Monday, January 2, 2012

The Equation

I'm not a math person (so you'll forgive any calculation errors please). I am an English major. A writer of sorts. A creative soul. But today, I'm working on an equation. There are 8,760 hours in a year. If you assume 8 hours a day for sleep (or computer time, or tv time, or reading)(2,920 hours), that leaves 5,840.  Assuming a 50 hour work week (more on that later) and two weeks of vacation a year, that leaves 3,340 for everything else. Everything else = commutes, showers, family dinners, soccer games, gymnastics, doctors appointments, dentist visits, trips to the dry cleaners, post office, grocery store, and yes, even vacation.

In 1958, an American Bar Association publication suggested that a reasonable billable year for attorneys was 1300 hours. Nowadays, we have the Internet. We have online research. No longer do lawyers spend hours and days sifting through dusty bins of law review articles and micro-fiche. Instead, we log on, put in a search term, and Bing! 1000 results. We have email, fax machines, and conference calls. We are, in theory, far more efficient than we were in 1958.

A reasonable billable year in 2012 is 1800 hours (some would say a reasonable year is 2200 hours). Days haven't gotten longer. A "business day" is still Monday-Friday.

The billable hour requires that each day be tracked in 6 minute increments. A study by Yale University found that in order to bill 37.5 hours, a lawyer will spend about 50 hours a week in the office.  I struggle with billable hours. I don't bill my clients for time I spend getting coffee in the kitchen. I don't bill potty time. And, I don't bill every 30 second email as a 6 minute time entry. I try to get home in time to see my children before bedtime, and I like my coworkers, so I spend some time visiting everyday. Like everything else, keeping time is a careful balance.

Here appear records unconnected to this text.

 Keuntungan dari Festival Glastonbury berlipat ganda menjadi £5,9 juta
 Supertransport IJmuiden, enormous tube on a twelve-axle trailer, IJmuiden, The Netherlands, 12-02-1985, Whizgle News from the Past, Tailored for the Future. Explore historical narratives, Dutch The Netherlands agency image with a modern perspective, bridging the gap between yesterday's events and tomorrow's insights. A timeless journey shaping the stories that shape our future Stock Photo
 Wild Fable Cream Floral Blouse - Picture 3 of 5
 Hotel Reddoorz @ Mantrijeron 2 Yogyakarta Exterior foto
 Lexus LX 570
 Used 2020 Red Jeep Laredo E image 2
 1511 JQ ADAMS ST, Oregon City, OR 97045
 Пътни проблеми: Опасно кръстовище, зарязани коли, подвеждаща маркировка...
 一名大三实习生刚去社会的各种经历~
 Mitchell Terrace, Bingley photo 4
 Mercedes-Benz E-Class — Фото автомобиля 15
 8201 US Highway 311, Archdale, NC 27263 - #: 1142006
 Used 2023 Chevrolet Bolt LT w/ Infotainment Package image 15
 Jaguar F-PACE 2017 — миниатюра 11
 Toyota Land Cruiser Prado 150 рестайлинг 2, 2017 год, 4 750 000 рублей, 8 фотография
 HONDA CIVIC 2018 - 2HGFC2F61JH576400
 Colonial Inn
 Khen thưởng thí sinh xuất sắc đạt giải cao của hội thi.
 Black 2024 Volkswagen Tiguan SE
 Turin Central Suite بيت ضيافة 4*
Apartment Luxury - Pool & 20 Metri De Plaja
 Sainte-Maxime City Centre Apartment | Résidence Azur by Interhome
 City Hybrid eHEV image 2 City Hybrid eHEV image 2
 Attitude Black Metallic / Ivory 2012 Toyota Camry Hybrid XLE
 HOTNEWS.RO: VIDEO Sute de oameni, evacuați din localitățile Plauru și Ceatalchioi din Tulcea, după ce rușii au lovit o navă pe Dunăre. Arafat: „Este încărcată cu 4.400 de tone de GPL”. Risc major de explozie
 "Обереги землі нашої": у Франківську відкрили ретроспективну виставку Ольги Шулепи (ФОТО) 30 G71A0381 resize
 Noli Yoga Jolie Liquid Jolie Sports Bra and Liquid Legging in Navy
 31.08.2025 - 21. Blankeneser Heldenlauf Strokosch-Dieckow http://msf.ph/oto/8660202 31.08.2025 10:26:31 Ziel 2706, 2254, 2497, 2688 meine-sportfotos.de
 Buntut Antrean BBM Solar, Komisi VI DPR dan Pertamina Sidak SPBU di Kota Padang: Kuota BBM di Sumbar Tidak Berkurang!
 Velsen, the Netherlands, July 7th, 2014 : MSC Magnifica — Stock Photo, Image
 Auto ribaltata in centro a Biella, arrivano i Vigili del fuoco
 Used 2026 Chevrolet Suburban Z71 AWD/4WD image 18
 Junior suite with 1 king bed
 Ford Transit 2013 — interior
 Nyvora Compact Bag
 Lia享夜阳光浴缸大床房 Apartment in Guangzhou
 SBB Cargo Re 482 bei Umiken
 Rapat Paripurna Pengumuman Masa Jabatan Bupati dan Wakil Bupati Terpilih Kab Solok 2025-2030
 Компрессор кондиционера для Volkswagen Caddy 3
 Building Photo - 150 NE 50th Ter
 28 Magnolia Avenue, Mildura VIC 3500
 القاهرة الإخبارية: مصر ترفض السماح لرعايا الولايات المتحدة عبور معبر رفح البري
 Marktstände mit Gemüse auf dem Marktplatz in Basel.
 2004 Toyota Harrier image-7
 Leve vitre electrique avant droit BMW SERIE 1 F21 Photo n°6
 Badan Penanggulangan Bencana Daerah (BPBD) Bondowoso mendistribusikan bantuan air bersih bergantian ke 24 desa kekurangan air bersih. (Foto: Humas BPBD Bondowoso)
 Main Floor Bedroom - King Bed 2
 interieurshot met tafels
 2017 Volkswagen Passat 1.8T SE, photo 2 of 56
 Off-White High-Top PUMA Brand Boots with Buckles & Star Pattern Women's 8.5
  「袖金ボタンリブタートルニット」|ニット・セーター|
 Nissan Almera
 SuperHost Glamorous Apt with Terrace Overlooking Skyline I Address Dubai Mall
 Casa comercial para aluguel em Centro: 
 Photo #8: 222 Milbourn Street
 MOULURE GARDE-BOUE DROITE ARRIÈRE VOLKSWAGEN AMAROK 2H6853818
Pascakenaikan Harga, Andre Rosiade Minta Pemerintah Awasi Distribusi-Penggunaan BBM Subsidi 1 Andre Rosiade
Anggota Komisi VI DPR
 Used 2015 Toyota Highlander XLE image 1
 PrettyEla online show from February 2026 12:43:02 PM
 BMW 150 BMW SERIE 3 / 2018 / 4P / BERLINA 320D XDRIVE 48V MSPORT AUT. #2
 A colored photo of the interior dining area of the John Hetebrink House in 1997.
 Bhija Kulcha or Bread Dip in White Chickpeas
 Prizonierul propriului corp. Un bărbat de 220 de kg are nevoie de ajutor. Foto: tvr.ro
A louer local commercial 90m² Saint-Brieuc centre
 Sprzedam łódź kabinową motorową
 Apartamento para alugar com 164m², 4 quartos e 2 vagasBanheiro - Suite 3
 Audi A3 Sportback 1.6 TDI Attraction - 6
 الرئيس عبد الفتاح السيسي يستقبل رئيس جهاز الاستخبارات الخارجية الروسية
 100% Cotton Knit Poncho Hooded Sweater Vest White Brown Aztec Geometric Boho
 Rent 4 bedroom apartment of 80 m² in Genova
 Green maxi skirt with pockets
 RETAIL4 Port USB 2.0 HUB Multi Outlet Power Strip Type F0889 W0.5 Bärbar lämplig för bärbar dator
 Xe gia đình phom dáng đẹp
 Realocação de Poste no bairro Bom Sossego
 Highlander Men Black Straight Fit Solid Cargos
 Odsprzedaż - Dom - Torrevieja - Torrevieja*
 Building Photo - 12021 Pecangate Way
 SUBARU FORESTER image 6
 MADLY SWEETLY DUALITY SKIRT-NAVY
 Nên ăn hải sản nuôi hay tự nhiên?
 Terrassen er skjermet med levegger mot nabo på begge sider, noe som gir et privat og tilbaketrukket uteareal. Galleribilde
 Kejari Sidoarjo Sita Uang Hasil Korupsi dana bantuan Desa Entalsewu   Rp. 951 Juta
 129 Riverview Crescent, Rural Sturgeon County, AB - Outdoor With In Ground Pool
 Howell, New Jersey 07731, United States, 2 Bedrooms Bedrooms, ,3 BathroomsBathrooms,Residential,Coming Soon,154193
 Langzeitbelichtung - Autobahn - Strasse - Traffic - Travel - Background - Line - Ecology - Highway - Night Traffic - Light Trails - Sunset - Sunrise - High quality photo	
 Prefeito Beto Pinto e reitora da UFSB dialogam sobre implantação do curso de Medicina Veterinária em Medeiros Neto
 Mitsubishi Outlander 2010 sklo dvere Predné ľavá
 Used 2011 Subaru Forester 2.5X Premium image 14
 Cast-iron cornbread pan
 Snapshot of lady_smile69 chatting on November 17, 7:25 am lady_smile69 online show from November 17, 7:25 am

Today is my last day of maternity leave. And I struggle with a billable, workable balance. There are variables in every equation. My equation takes into account 7 years dedicated to a 7 year partnership track, stigma attached to "balanced hours" plans, childcare, and scheduling conflicts. I can assign values to each of those things. If X is childcare and Y is stigma, then X plus Y equals breaking even. The variables I struggle with are these:



There is no reasonable, feasible way to assign a value to time spent with my babies. The coos and goos I will miss with GiGi, and the fresh tales of RJ's day at school. There is a certain morbid reality to recognizing that it is very likely that I will never pick my children up from school on a regular basis. I won't make the after school snacks, and I won't be the first person to hear about playground fights and spelling test successes. I don't suggest that I am the first mom to deal with these issues. I certainly won't be the last. But, for today, the equation is mine alone, and no list, no formula, and no study or article can solve it. For once, an equation is solvable only by heart.